Assumig that database contains documents with ID "1", "5", "alpha", "beta", "gamma", this query should return "5", "alpha", "beta". Please note that "5" should actually be returned, because string "5" is greater than string "11".
Upvotes: 2
Views: 1267
Reputation: 405
This could also be achieved using regular expressions in queries. Something line this:
curl -X POST "https://.../facetrangetest/_design/ddoc/_search/f" -d '{"q":"ID:/<23-758>/"}' | jq .
This regular expressions means to retrieve all documents with ID field from 23 to 758. Slashes: /
/
are used to enclose a regular expression; the interval is enclosed inside <>
.
Upvotes: 1
Reputation: 405
First of all, I would suggest to use keyword analyzer, so you can control the right tokenization during both indexing and search.
"analyzer": "keyword",
"index": "function(doc){\n if(!doc.ID) return;\n index(\"ID\", doc.ID, {store:true });\n}
To retrieve you document with _id "111", use the following range query:
curl -X GET "http://.../facetrangetest/_design/ddoc/_search/f?q=ID:\[111%20TO%A\]"

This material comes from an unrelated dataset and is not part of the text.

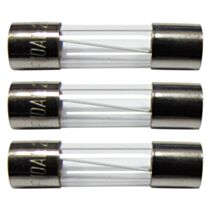 3 fusibles verre 5x20mm 10a. - TIBELEC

If you use a query q=ID:\[111%20TO%20999\]
, Cloudant search seeing numbers on both size of the range, will interpret it as NumericRangeQuery; and since your ID of "111" is a String, it will not be part of the results returned. Including a string into query [111%20TO%20A], will make Cloudant interpret it as a range query on strings.
Upvotes: 2
Reputation: 105
Our team just came to a workaround solution. We managed to get proper results by adding some arbitrary character, e.g. 'a' to an upper range value, and by introducing additional search term, to exclude documents having ID between upper range value and upper range value + 'a'.
When searching for a range
ID:[X TO Y]
actual query would be
(ID:[X TO Ya] AND -ID:{Y TO Ya])
For example, to find a documents having ID between 23 and 758, we execute
(ID:[23 TO 758a] AND -ID:{758 TO 758a]).
Upvotes: 2
Reputation: 544
You can get both docs returned like this:
q=ID:["111" TO "CCC"]
Here's a working live example:
I found something quirky. It seems that range queries on strings only work if at least one of the range values is a string. Querying on ID:["111" TO "555"]
doesn't return anything either, so maybe this is resolving to a numeric query somehow? Could be a bug.
Upvotes: 1